Crawled caption data
=== Begin Enclosure ===
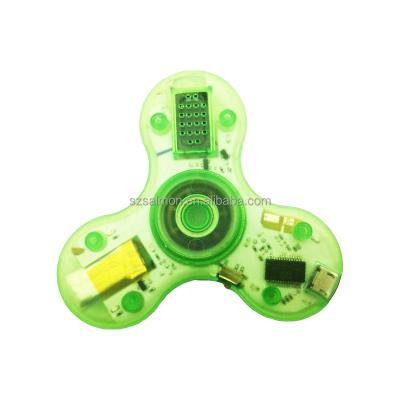 China New Crystal Blueteeth Audio Fidget Spinner Low Noise Led Light Usb Toys Fingertip Fill Spinner for sale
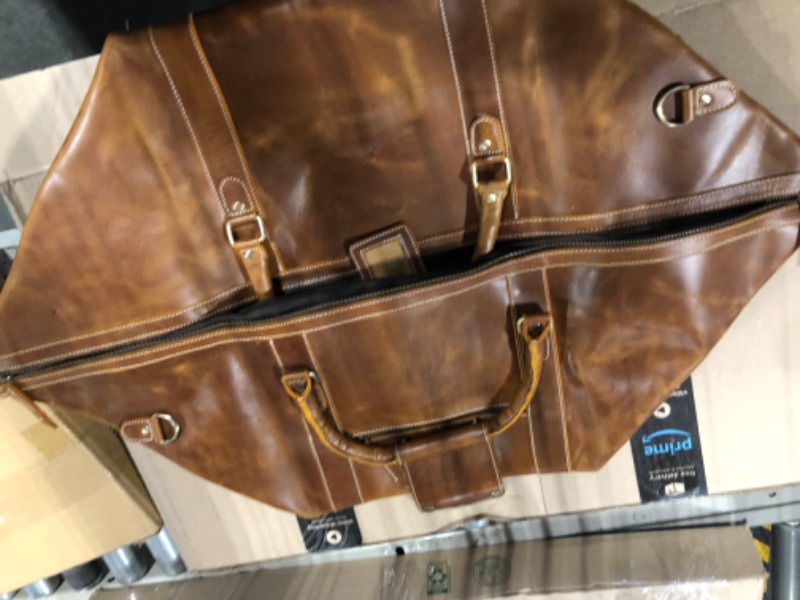 Photo 3 of 24" Leather Buffalo Travel Case Duffel Luggage Bag, Gym Travel Tote Duffel, Overnight Weekender (tan)
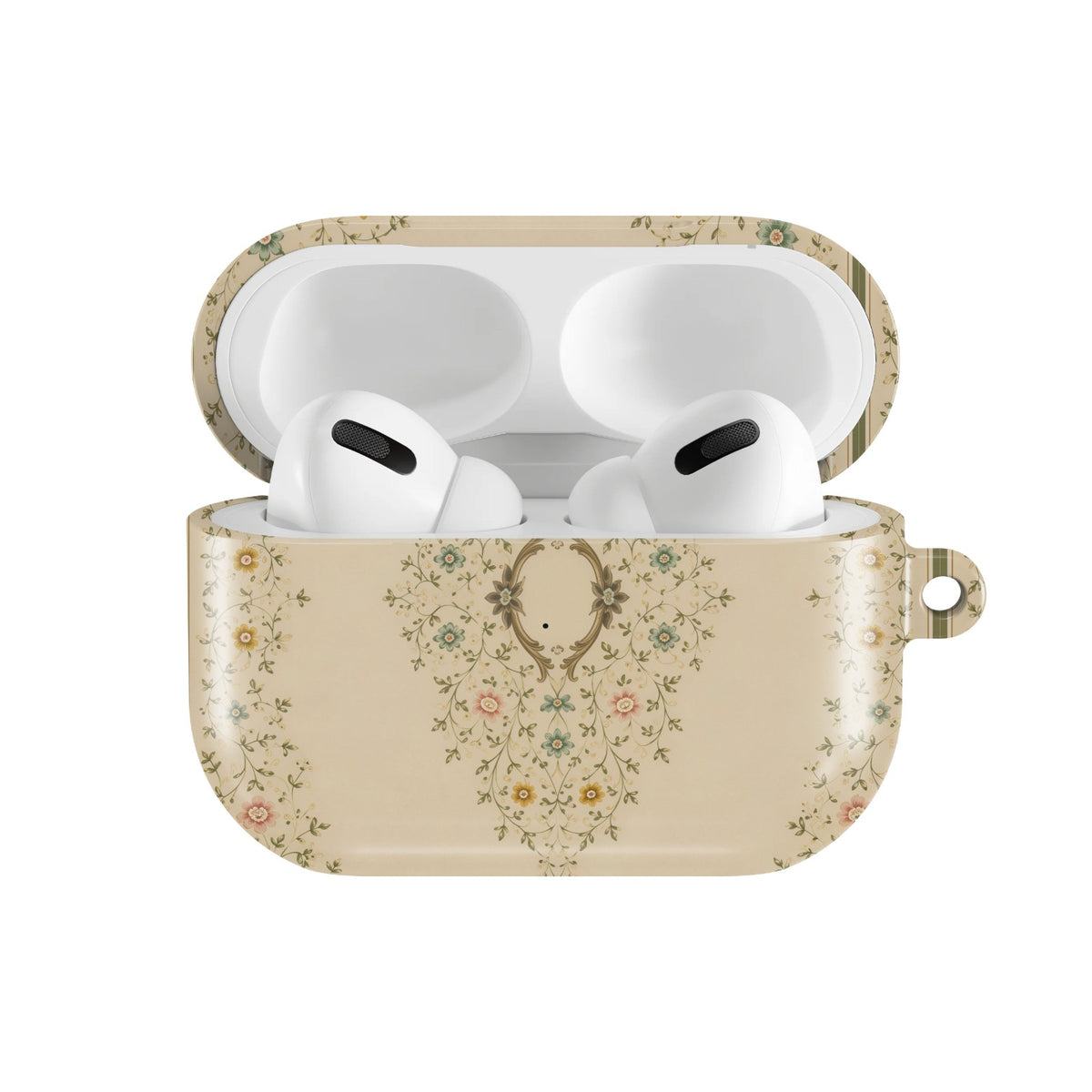 Antique Book Cover AirPods case — open front view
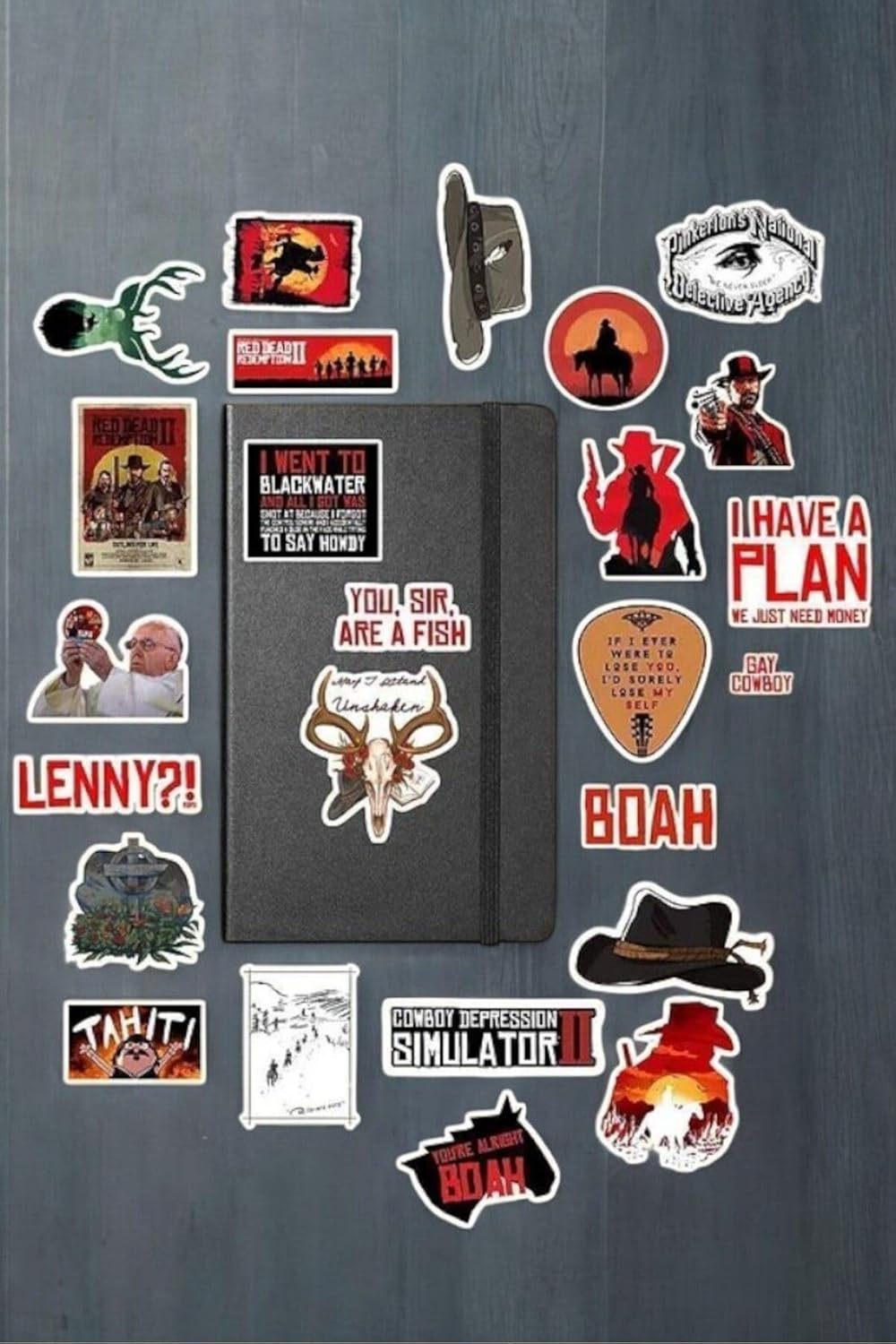 Red Redemption Rdr2 Paketi/Bullet Journal Defter Çıkartma Ajanda Laptop Etiket, 56874615879486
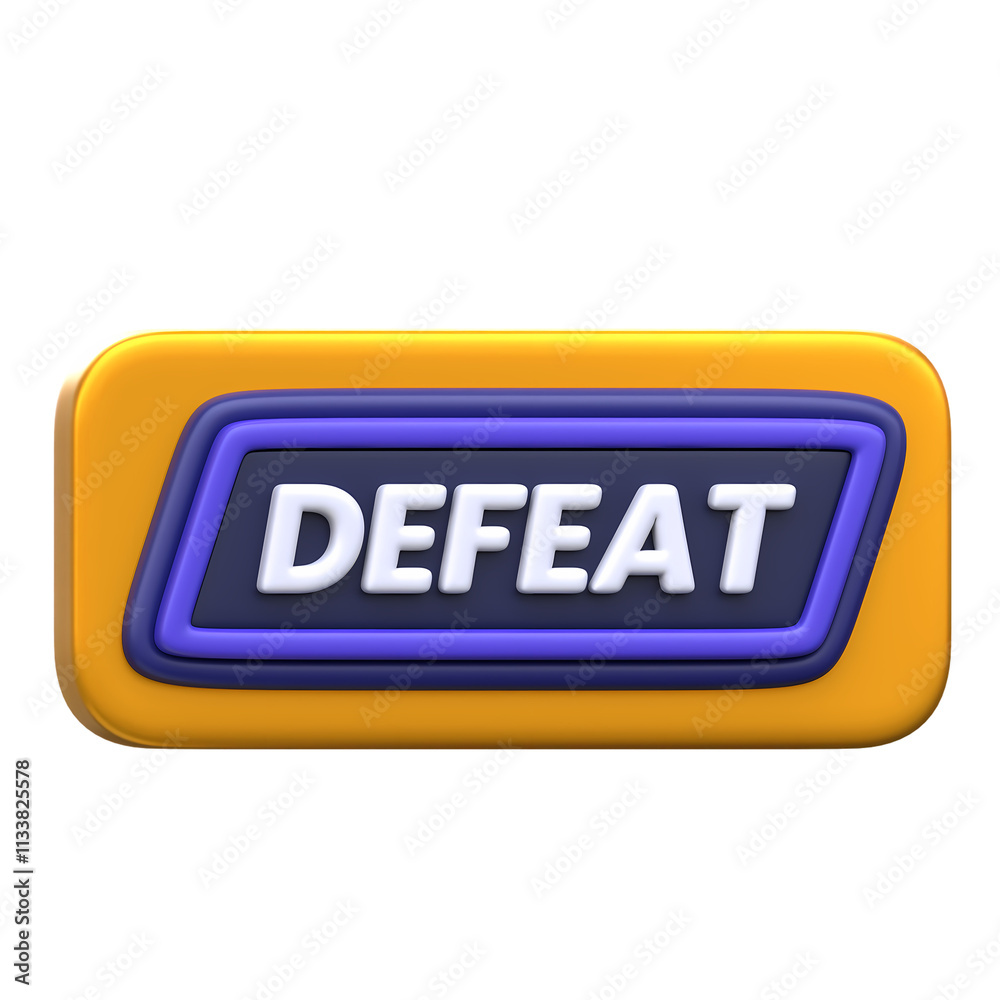 Defeat 3D Icon symbolizing defeat in gaming, featuring a broken trophy or a downed icon, ideal for game over screens or esports branding Defeat 3D Icon symbolizing defeat in gaming, featuring a broken trophy or a downed icon, ideal for game over screens or esports branding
=== End Enclosure ===
Exercise details: Output only the lines running from the one containing "Overnight Weekender (tan)" to the end of the records, inclusive and exact; skip the pictures.

Exercise response:
 Photo 3 of 24" Leather Buffalo Travel Case Duffel Luggage Bag, Gym Travel Tote Duffel, Overnight Weekender (tan)
 Antique Book Cover AirPods case — open front view
 Red Redemption Rdr2 Paketi/Bullet Journal Defter Çıkartma Ajanda Laptop Etiket, 56874615879486
 Defeat 3D Icon symbolizing defeat in gaming, featuring a broken trophy or a downed icon, ideal for game over screens or esports branding Defeat 3D Icon symbolizing defeat in gaming, featuring a broken trophy or a downed icon, ideal for game over screens or esports branding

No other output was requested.